EXERCISE OBJECTIVE
Return only the lines of the data below from the line with "Vama Lipcani, de" up to and including the line with "Used Volkswagen Touran", exactly as written, with the pictures omitted.

PROVIDED MATERIAL
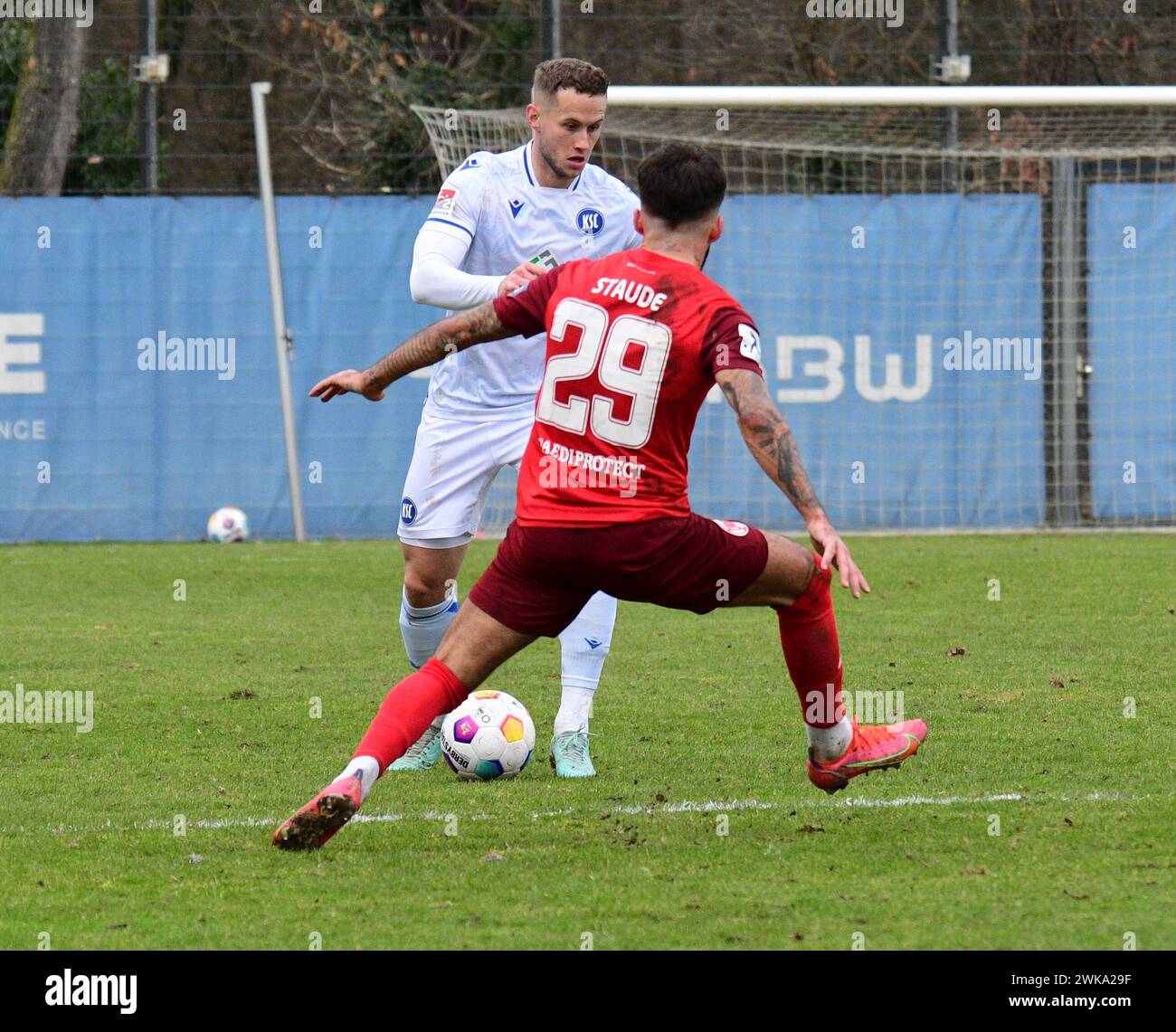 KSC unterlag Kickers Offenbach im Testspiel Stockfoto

--

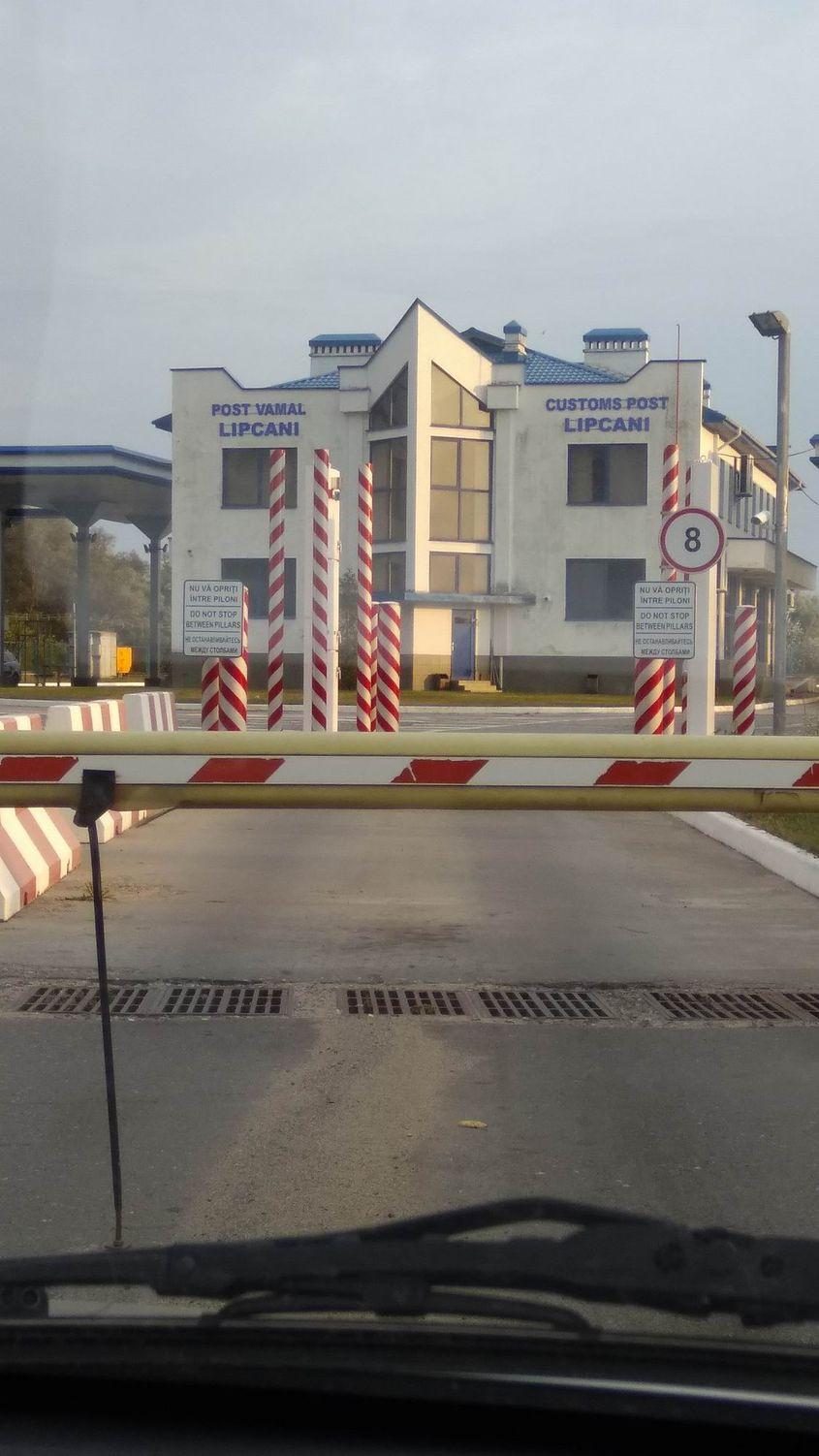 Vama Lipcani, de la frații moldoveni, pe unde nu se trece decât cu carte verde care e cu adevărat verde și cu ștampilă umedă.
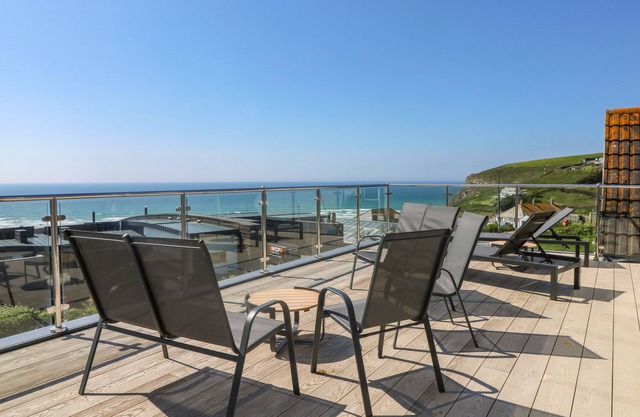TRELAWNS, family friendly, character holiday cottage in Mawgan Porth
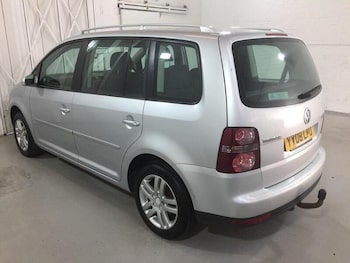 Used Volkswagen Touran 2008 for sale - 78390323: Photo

--

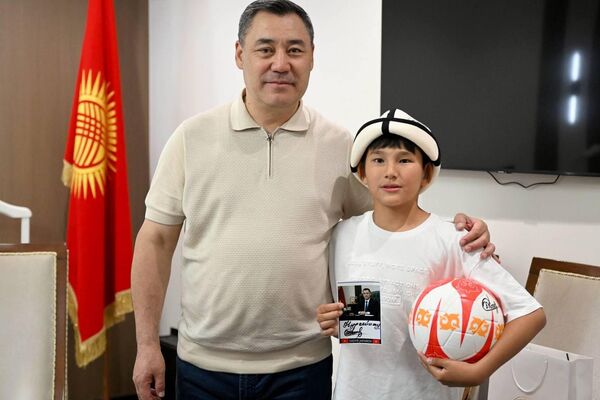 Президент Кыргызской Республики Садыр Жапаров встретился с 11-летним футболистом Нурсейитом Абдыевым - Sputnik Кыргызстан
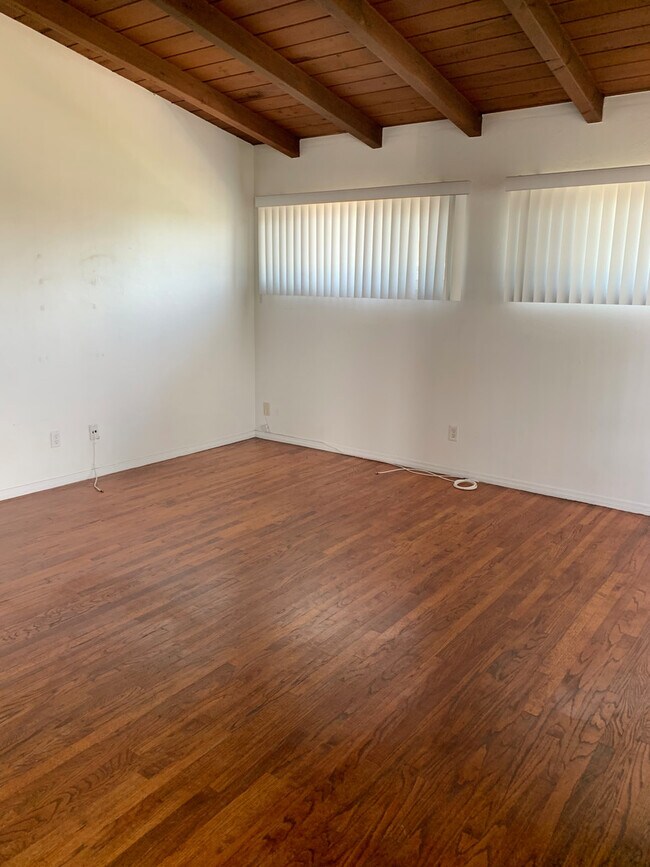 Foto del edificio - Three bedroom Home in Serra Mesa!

SOLUTION TO THE PROBLEM
 Vama Lipcani, de la frații moldoveni, pe unde nu se trece decât cu carte verde care e cu adevărat verde și cu ștampilă umedă.
TRELAWNS, family friendly, character holiday cottage in Mawgan Porth
 Used Volkswagen Touran 2008 for sale - 78390323: Photo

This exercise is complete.